#### INFORMATION PROVIDED
++++++
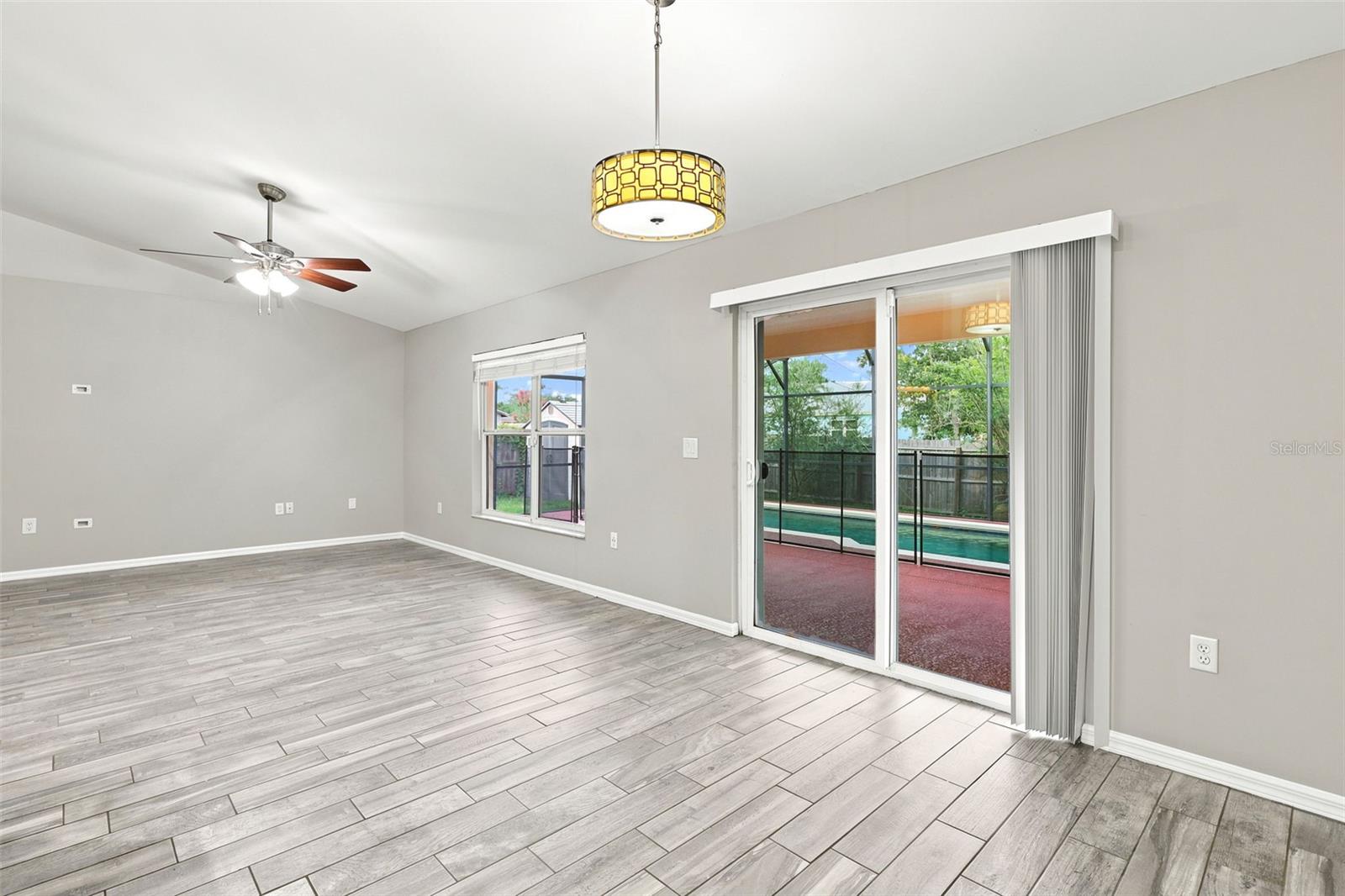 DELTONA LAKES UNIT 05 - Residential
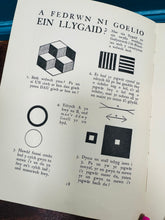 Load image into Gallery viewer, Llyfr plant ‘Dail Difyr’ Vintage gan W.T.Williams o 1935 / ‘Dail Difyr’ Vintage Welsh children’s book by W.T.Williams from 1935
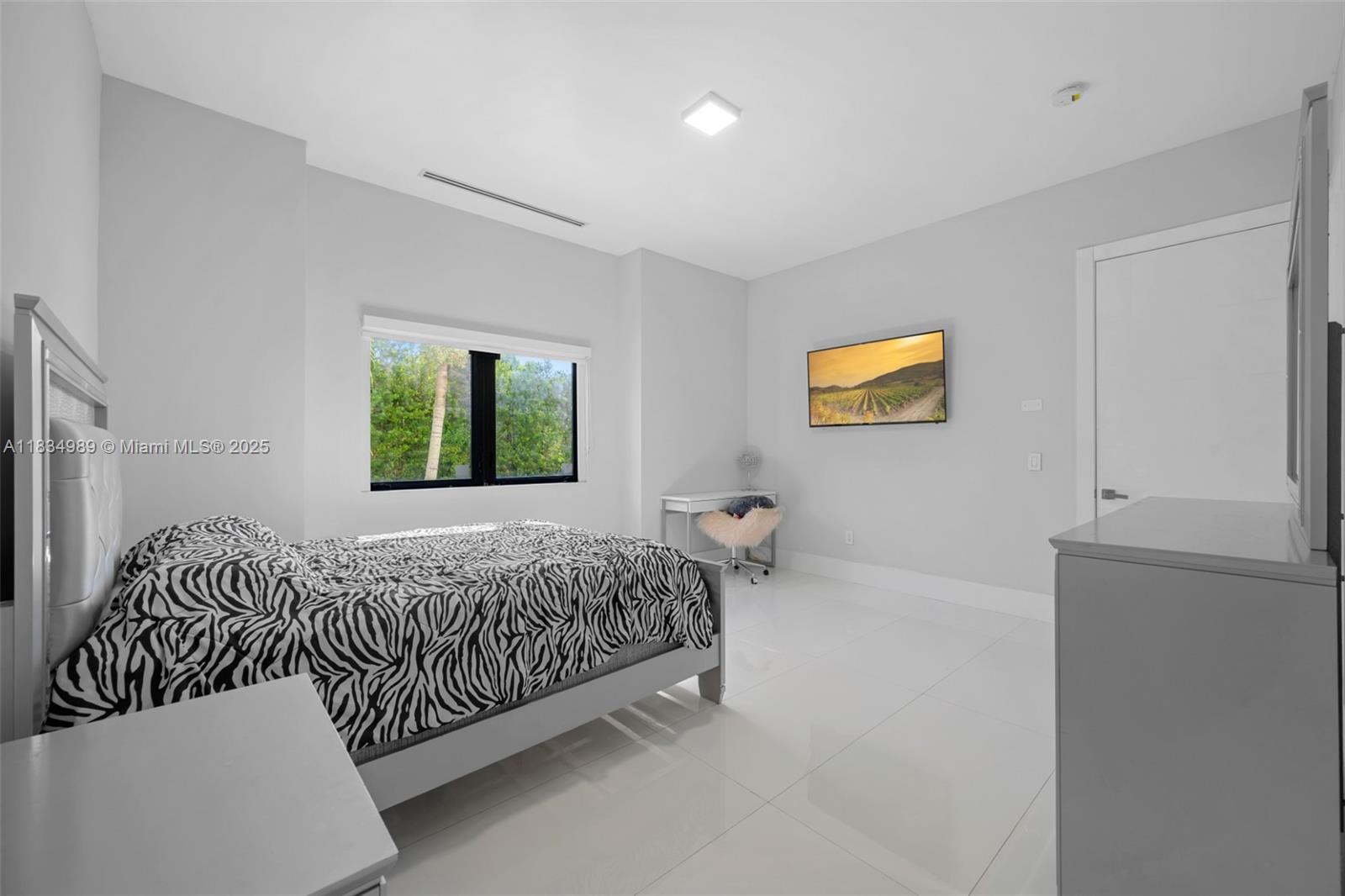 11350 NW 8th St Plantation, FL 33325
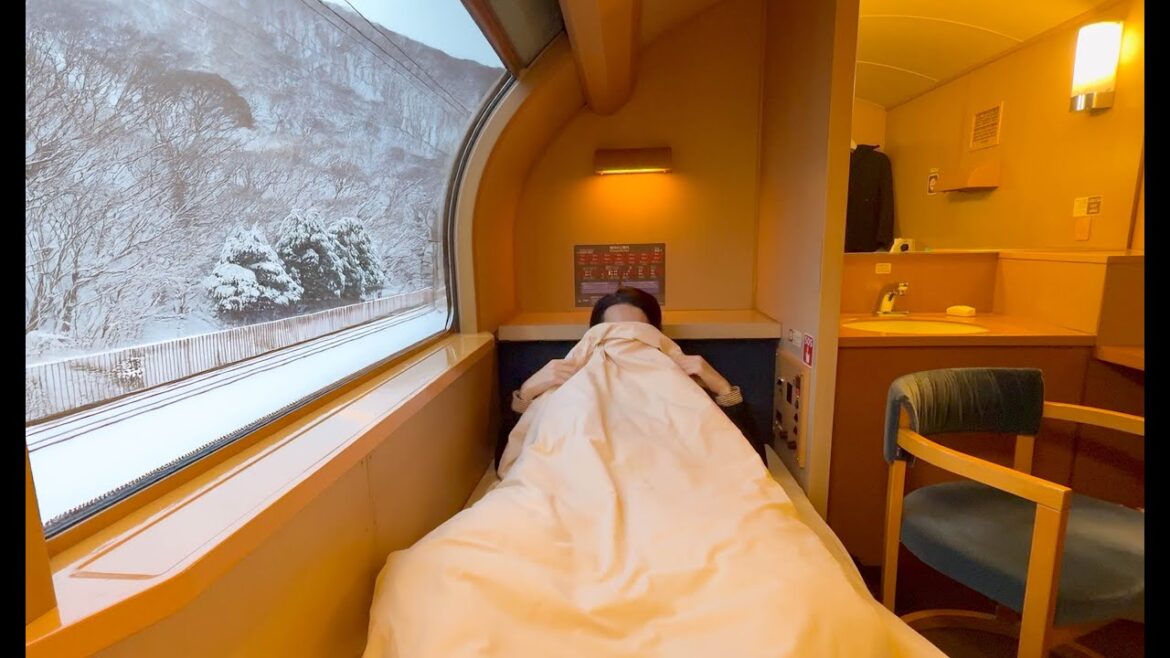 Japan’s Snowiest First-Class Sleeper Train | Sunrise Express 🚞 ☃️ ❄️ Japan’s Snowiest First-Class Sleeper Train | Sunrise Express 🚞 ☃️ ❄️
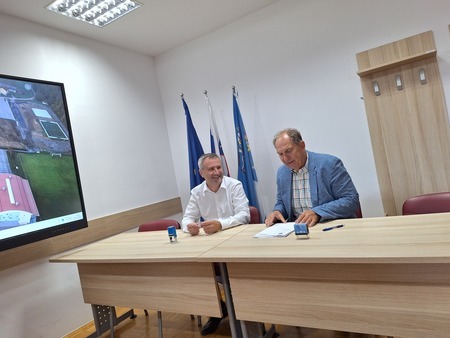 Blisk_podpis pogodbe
++++++
Make an exact copy of the lines of the records from the line containing "Load image into" through the final line, both ends included, but not of the pictures.

 Load image into Gallery viewer, Llyfr plant ‘Dail Difyr’ Vintage gan W.T.Williams o 1935 / ‘Dail Difyr’ Vintage Welsh children’s book by W.T.Williams from 1935
 11350 NW 8th St Plantation, FL 33325
 Japan’s Snowiest First-Class Sleeper Train | Sunrise Express 🚞 ☃️ ❄️ Japan’s Snowiest First-Class Sleeper Train | Sunrise Express 🚞 ☃️ ❄️
 Blisk_podpis pogodbe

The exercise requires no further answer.